Vous reprendrez bien un peu de couscous ?

Abdellatif Kechiche est un réalisateur remarquable, au sens étymologique du terme. Il a un style, tant pour la narration que pour la mise en images, et il semblerait qu'on s'en soit rendu compte dernièrement à Cannes. Kechiche est un type qui arrive à faire une fresque humaine, une épopée, avec trois fois rien. Des histoires simples de gens simples.
Même pas des histoires d’ailleurs. Dans « La graine et le mulet », on prend l’intrigue en route, et le film se termine alors que des pans entiers du scénario n’ont pas trouvé leur épilogue. Slimane va t-il réussir à le monter, son restaurant ? D’ailleurs, est-ce qu’il n’est pas en train de crever contre un mur de son quartier, le souffle coupé après avoir poursuivi les enfants qui lui ont piqué sa vieille mobylette ?

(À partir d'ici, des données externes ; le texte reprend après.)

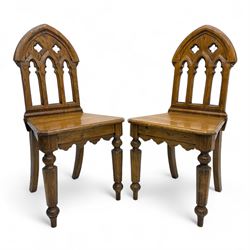 Pair of late 19th-century Gothic revival oak hall chairs, arched back with pierced quatref...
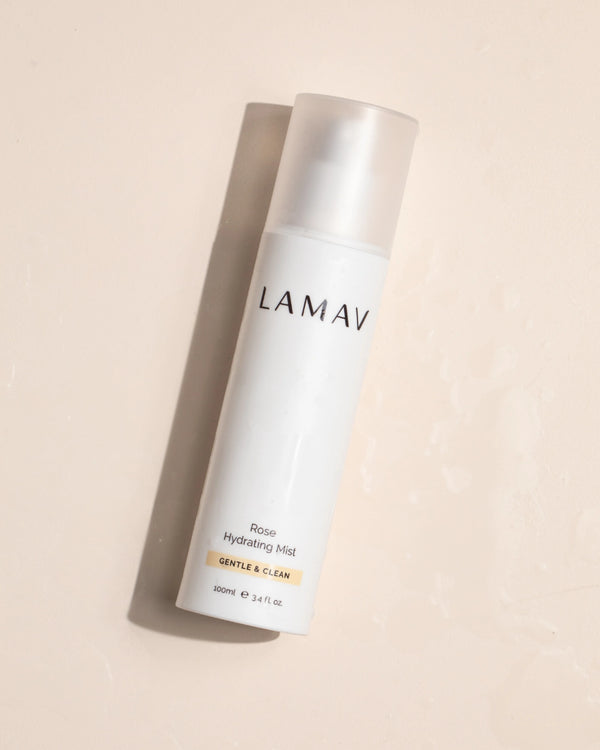Rose Hydrating Mist by LAMAV — bottle lying flat on a wet surface | dewy moisture boost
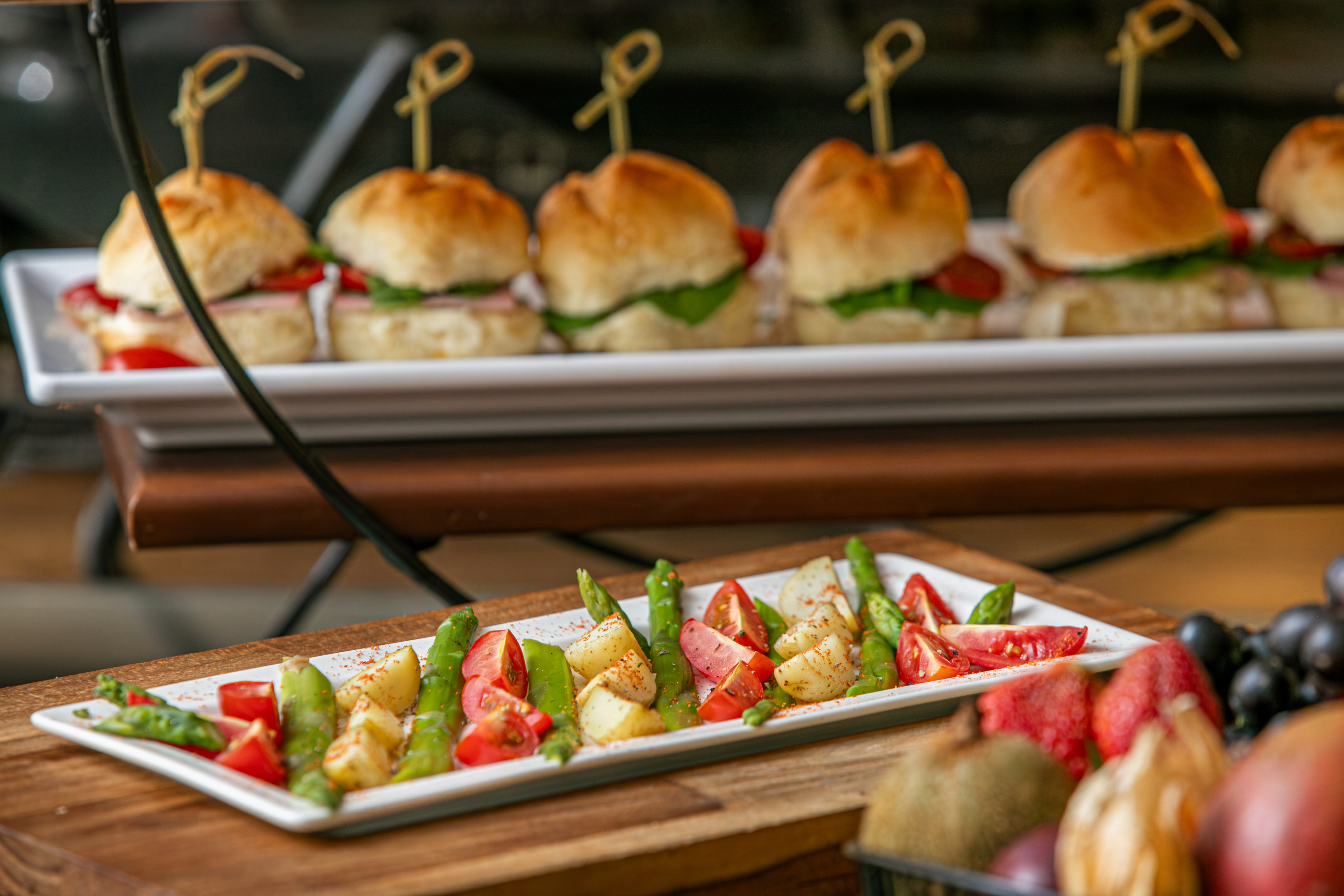 Mini sliders on tiered stand, with asparagus, potato, tomato salad.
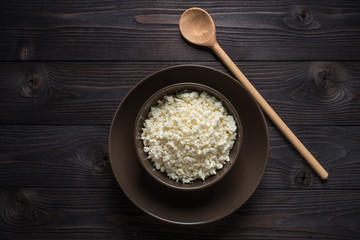 cottage cheese in a brown bowl on a dark wooden background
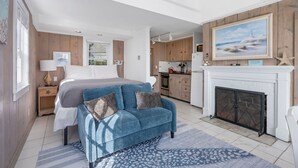 A bedroom with a bed, a blue sofa, a fireplace, and a kitchen in the background.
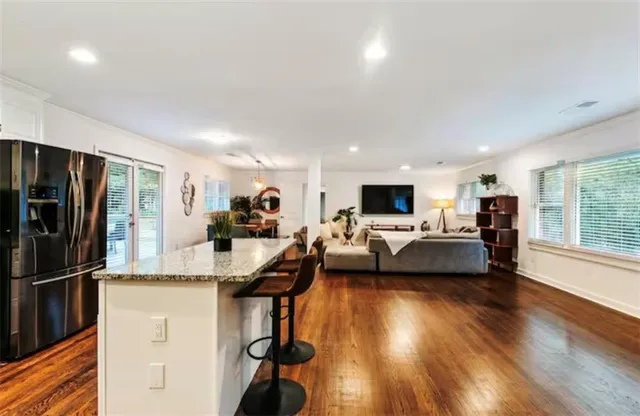 a living room with furniture a clock on wall and a window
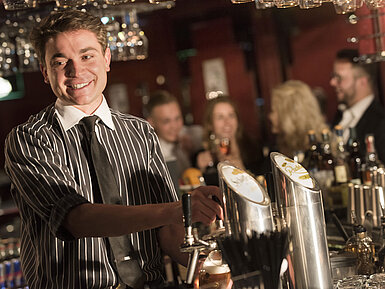 Freundlicher Barkeeper serviert Drinks in der stilvollen Bar des Maritim Hotel Frankfurt.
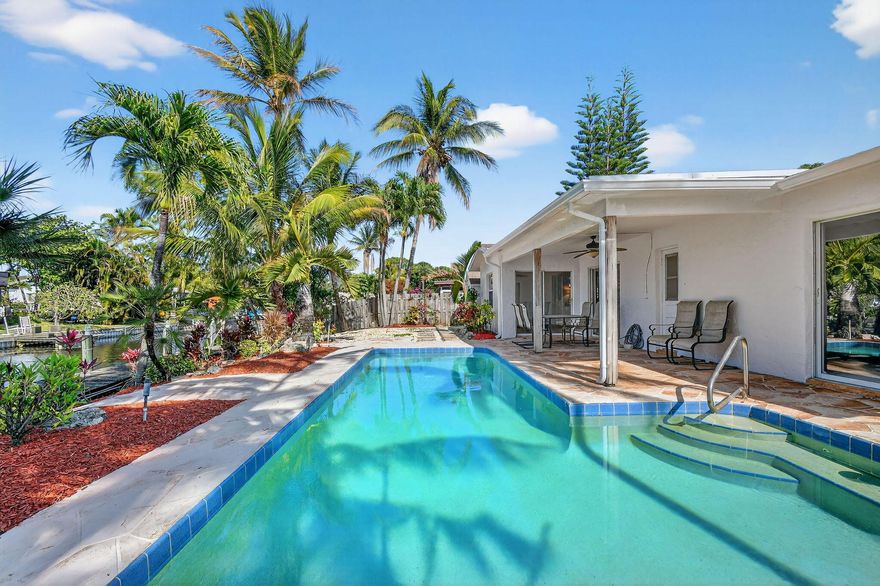 This waterfront home on the canal features a boat lift and a jet ski lift. The three-bedroom, two-bathroom house has been freshly painted inside and out, with new carpeting in the bedrooms. Upon entry, you see tropical landscaping, an inviting pool, the dock, and the canal. The waterway provides access to Lake Ida, Lake Osborne, and beyond. The extended driveway offers plenty of room for guests, RVs, or additional toys. The best part is that there is no HOA. The water heater is new. Public records show reroof in 2020. The dock is about 68 feet long and has electricity.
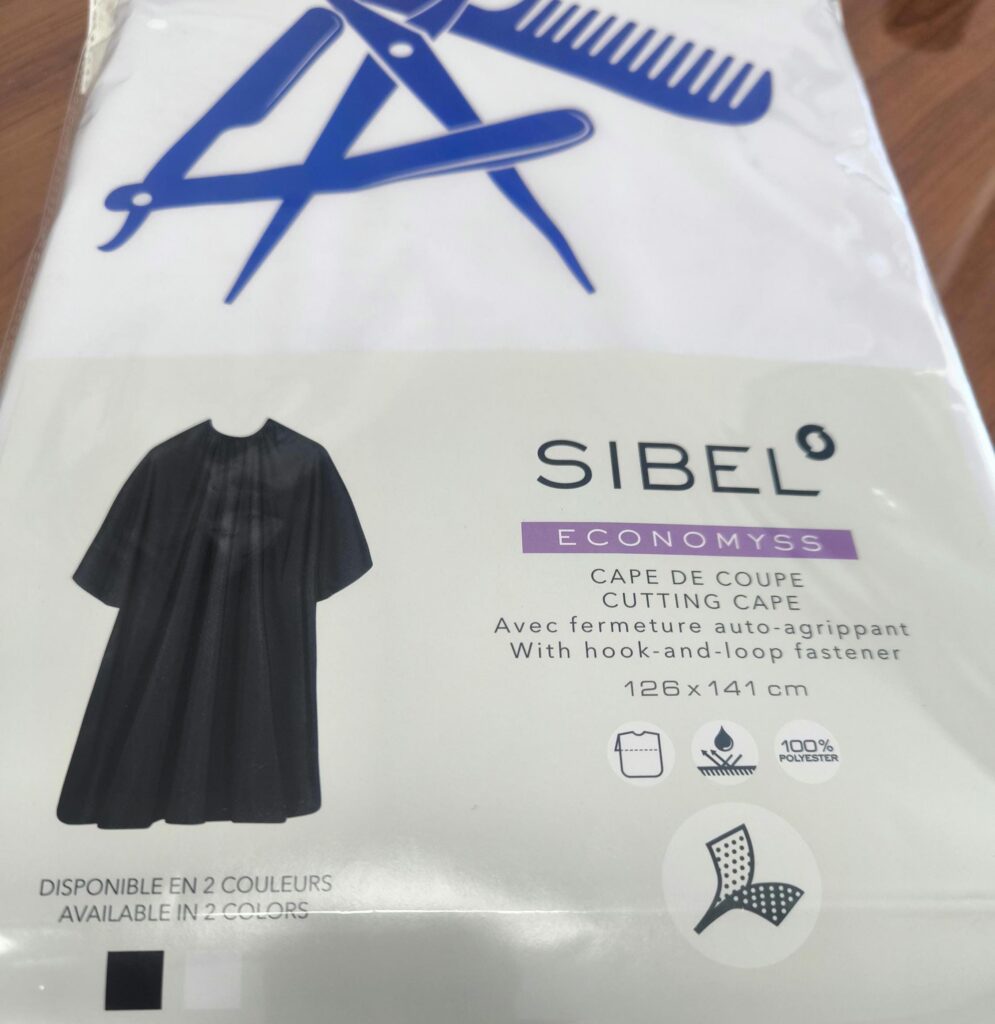 Hair Salon & Barber Cape with Pre-Designed Logo. Customizable Text for a Unique, Branded Look for Professional Stylists and Barbers.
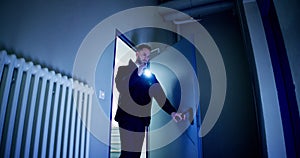 Mature Male Security Guard With Flashlight Standing In Corridor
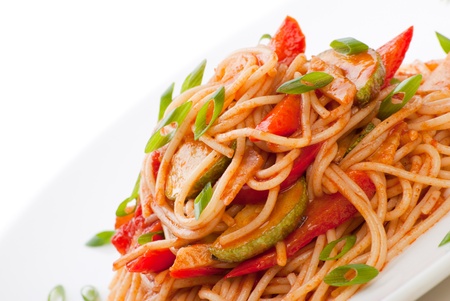 Colorful spaghetti with zucchini and tomato and grated cheeseの写真素材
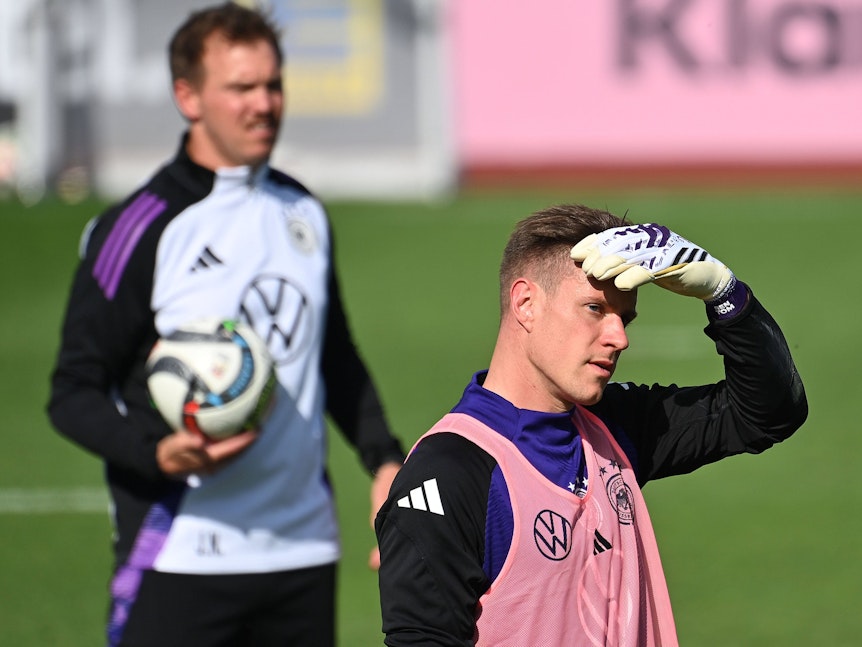 Marc-Andre ter Stegen schützt beim Training seine Augen mit der Hand vor der Sonne, im Hintergrund steht Julian Nagelsmann.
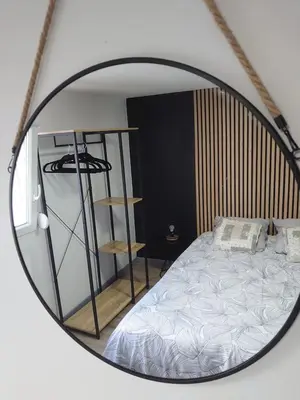 Un ou plusieurs lits dans un hébergement de l'établissement Charmant appartement à Gérardmer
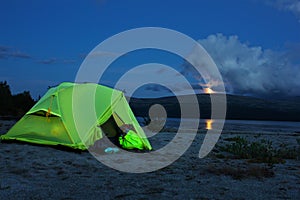 Night view of the tent near a mountain lake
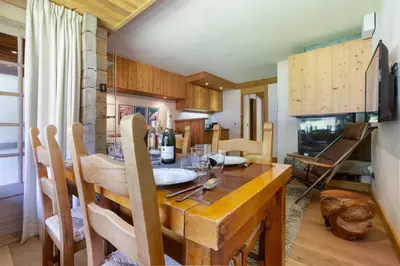 a dining room with a wooden table and a fireplace at Residence Amethystes in Chamonix-Mont-Blanc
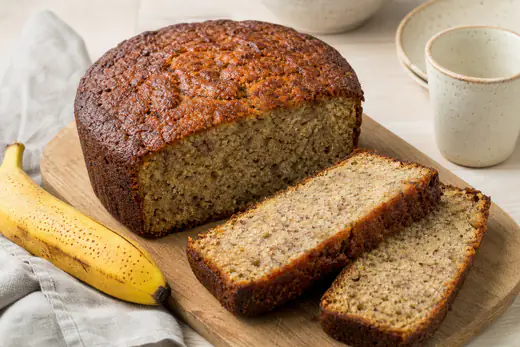 Rundt bananbrød med mørk skorpe og to tykke skiver skåret ut, på et trebrett med en moden banan ved siden av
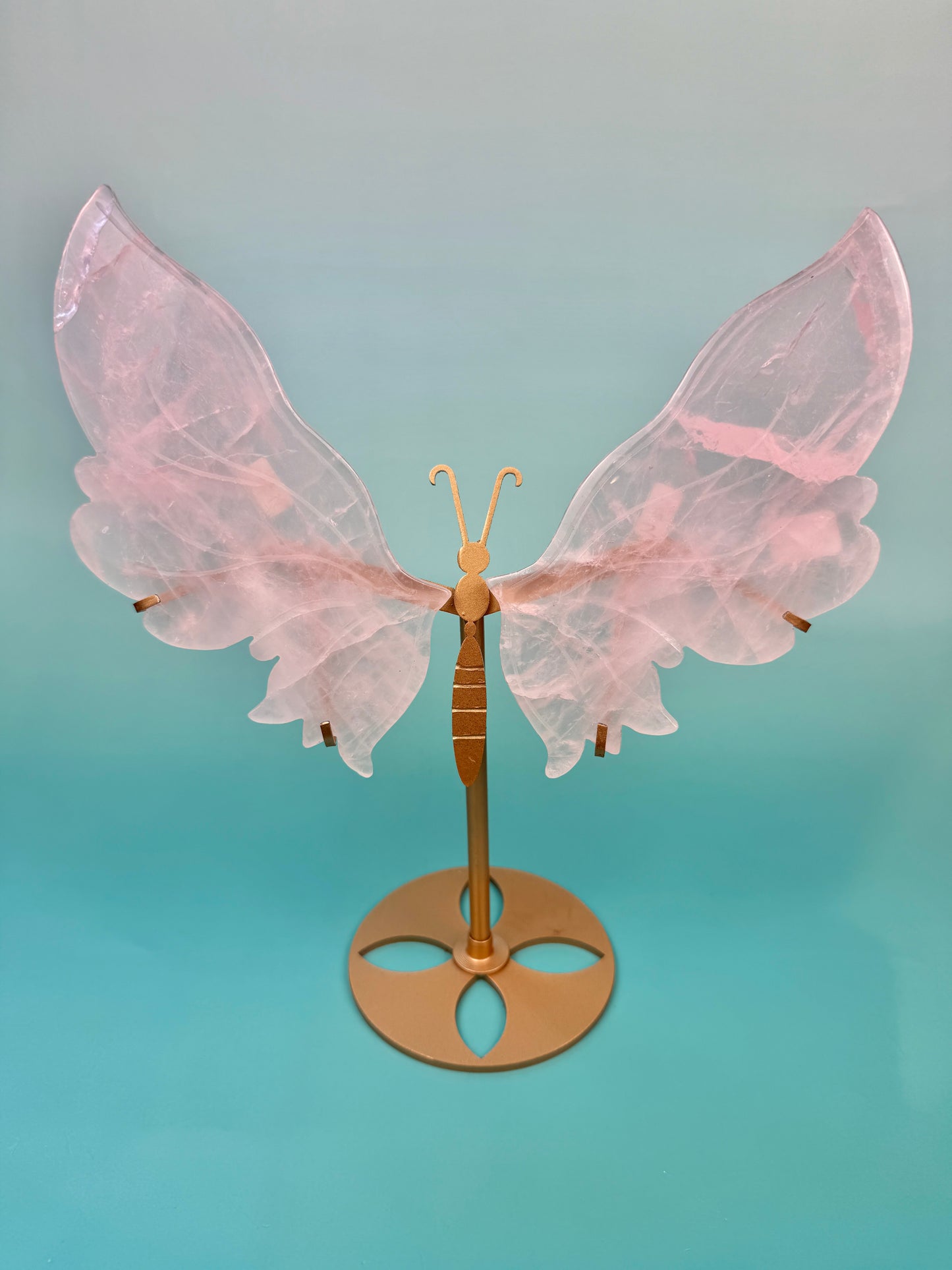 Beautiful rose quartz butterfly on gold stand
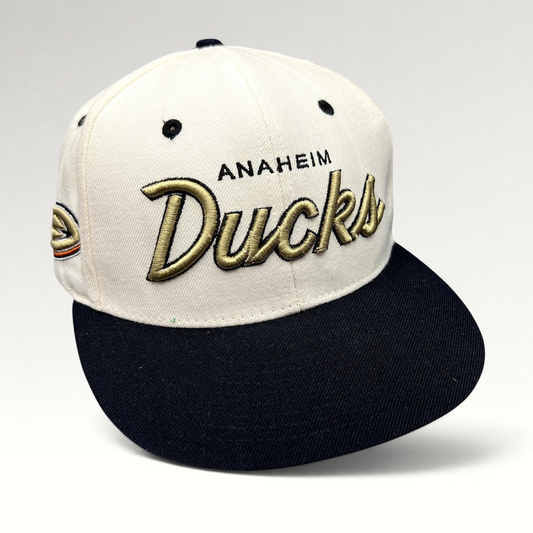 Raree Finds Anaheim Ducks Zephyr snapback hat with white crown, black brim, and gold raised script embroidery.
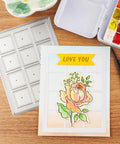 Dotted Square Frame Cutting Die Set for Card Making and Scrapbooking beside a decorated love card with floral design
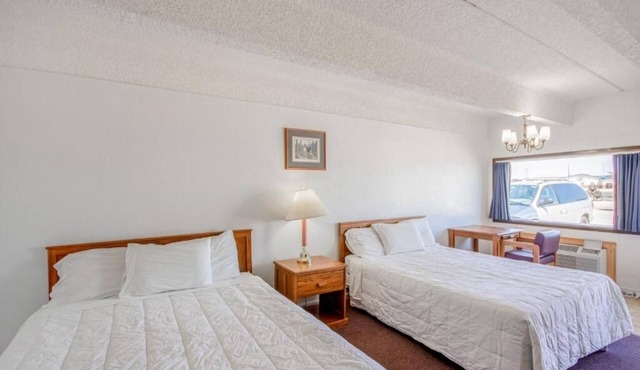 Relax in Our 3-Queen Rooms – Perfect for a Restful Overnight Stay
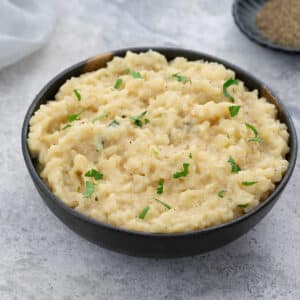 Creamy risotto served in a grey bowl on a white table, accompanied by pepper powder in a small container, and a white towel arranged nearby.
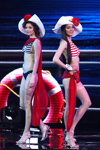 Hanna Semenyuk and Kristina Martinkevich. Swimsuit competition — Miss Belarus 2014 (looks: white hat, striped blue and white swimsuit, striped red and white swimsuit, silver sandals)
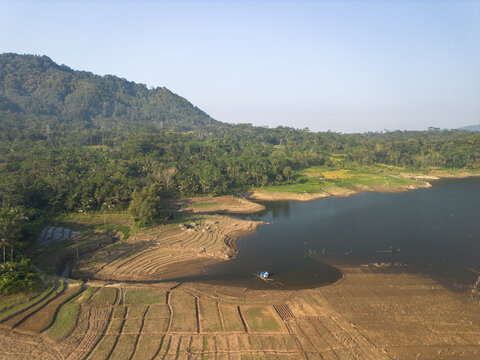 Aerial view of the Karanganyar reservoir area, featuring terraced agricultural fields, lush green hills, and calm water in Wadaslintang, Central Java, Indonesia.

Kechiche, Herzi & Boufares
Tout ça parce que Kechiche est autant intéressé par les gens qu’il montre que par leur(s) histoire(s). La trame principale du film tient sur un timbre-poste. Un ouvrier immigré, la soixantaine, perd son boulot sur les quais de Sète. Il va se mettre en tête de transformer une épave de bateau en restaurant spécialisé dans le couscous (la « graine », pour la semoule) au poisson (le « mulet »). Kechiche filme l’intrigue chronologiquement, mais se concentre sur quelques très longues scènes, dans lesquelles les principaux protagonistes s’exposent (le repas de famille chez Souad, le premier repas au restaurant). Le talent de Kechiche est de livrer un rendu de documentaire, avec des mouvements apparemment confus de caméra (on dirait que c’est un des protagonistes qui filme avec un caméscope, c’est fait exprès, Kechiche sait tenir une caméra, voir « La Vénus Noire »), et de très gros plans sur les visages (c’est un régal de voir les sentiments qui passent par les regards et les non-dits). L’aspect documentaire vient aussi de la distribution, pas de têtes d’affiche, mais des habitués des films de Kechiche, et de nombreux acteurs non professionnels. Dont le « héros » Slimane, joué par un ouvrier du bâtiment (Habib Boufares, un ami du père décédé de Kechiche prévu à l’origine pour le rôle), ou la parfaite débutante pour l’occasion Hafsia Herzi (la fille de la compagne de Slimane dans le film). Il y a d’ailleurs une « famille » d’acteurs utilisés par Kechiche, qui peuvent avoir des rôles importants dans un film et des rôles mineurs dans un autre. Dans « La graine et le mulet », Sabrina Ouazani (la Frida de « L’esquive ») est une fille de Slimane, qui est peu à l’image, Carole Frank (la prof de français de « L’esquive ») apparaît très fugacement parmi les invités du repas sur le bateau, les deux jouent des personnages mineurs de l’intrigue. De même, on retrouvera dans « La Vénus Noire » pour de petits rôles trois actrices très présentes dans « La graine … » (celles qui jouent l’ancienne femme, Souad, et deux des filles de Slimane). Autres points communs dans la distribution des films de Kechiche, des « héros » peu loquaces (le jeune garçon de « L’esquive », la « Vénus Noire », ou ici Slimane), et des acteurs principaux dans un film absents des autres.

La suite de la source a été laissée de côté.